Para contestar as queixas de assistencialismo, Índio diz que também fiscaliza o poder público, sua verdadeira função. Conta que reclama quando não vê as obras prontas e já vem recebendo crítica dos aliados por tantas cobranças. “Eu também sou fiscal e tenho projetos aprovados. Não ajudo as pessoas de agora. Isso ninguém pode falar de mim”, arrematou, com a voz embargada.
A câmara e as ruas
Orgulho e preconceito
É visível o preconceito que Índio do Manguzá ainda sofre entre os colegas de Câmara, 11 ao todo, contando com ele. Especialmente pelo fato de ele ainda trabalhar como gari em Pedras de Fogo. “Ele só vai ter esse mandato, porque ninguém aguenta ficar nessa rotina”, disse um vereador, pedindo reserva no nome. Já o presidente da Câmara, Edvaldo do Caricé (PSB), procurou amenizar. “Ele tem vontade de acertar, mas, muitas vezes, é precipitado. Muitas vezes quer dar um passo maior que as pernas. Muitas vezes, ele chega aqui brabo, querendo resolver as coisas, mas não é assim”, acrescentou, sem querer contar que passo tão grande era esse pretendido por Índio. “O que posso dizer é que ele tem o mesmo direito de todos e merece crescer na vida”.

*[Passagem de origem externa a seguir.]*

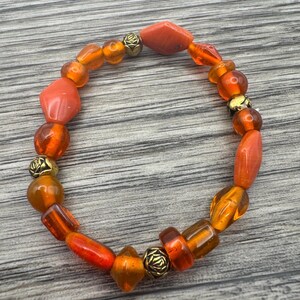Amber Orange and Gold Bracelet –  Rustic Boho Stretch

Entre os garis, contudo, a presença de Índio do Manguzá serve como uma inspiração. Segundo Elço Pereira, 35 anos, chefe de divisão de limpeza urbana de Pedra de Fogo, ele continua fazendo o mesmo trabalho de antes, mesmo depois de se eleger. “É muito bom que ele tenha se elegido porque ainda existe muito preconceito em relação aos garis, mas isso está mudando. É uma vitória”, afirmou. “Ele realmente é uma pessoa do bem”, acrescentou o gari José Flávio, 24 anos, companheiro de Índio nas faxinas matinais.
Para Índio, que enche os olhos de lágrimas ao contar sua trajetória, é mais fácil limpar as ruas do que mudar a política. “Mesmo assim, eu vou fazer a minha parte. Eu vou entrar para a história política desse país como varredor de rua, como primário… Eu me orgulho porque respeito o ser humano. Isso não tem preço. Com ou sem paletó, a roupa não importa ”, prometeu.